====== GIVEN INFORMATION ======

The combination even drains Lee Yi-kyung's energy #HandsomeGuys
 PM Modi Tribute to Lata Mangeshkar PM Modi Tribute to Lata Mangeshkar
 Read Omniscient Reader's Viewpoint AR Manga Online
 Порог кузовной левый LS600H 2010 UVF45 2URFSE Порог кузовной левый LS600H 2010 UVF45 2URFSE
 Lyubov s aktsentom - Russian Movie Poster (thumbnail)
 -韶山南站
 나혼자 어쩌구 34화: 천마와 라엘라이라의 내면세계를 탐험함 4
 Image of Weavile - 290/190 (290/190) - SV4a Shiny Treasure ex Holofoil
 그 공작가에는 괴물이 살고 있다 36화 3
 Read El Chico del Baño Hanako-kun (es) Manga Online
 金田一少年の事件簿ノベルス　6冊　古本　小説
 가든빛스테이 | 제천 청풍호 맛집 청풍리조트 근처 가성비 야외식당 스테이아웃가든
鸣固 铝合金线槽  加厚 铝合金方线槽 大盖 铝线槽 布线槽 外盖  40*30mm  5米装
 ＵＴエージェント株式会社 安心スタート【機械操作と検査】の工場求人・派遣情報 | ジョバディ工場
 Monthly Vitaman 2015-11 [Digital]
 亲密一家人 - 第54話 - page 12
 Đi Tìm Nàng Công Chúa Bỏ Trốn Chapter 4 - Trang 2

======

Look through the data above and return exactly the lines from the one that contains "그 공작가에는 괴물이 살고 있다 36화 3" to the one that contains "ＵＴエージェント株式会社 安心スタート【機械操作と検査】の工場求人・派遣情報 |", inclusive, with nothing else.

■ SOLUTION TO THE PROBLEM:
 그 공작가에는 괴물이 살고 있다 36화 3
 Read El Chico del Baño Hanako-kun (es) Manga Online
 金田一少年の事件簿ノベルス　6冊　古本　小説
 가든빛스테이 | 제천 청풍호 맛집 청풍리조트 근처 가성비 야외식당 스테이아웃가든
鸣固 铝合金线槽  加厚 铝合金方线槽 大盖 铝线槽 布线槽 外盖  40*30mm  5米装
 ＵＴエージェント株式会社 安心スタート【機械操作と検査】の工場求人・派遣情報 | ジョバディ工場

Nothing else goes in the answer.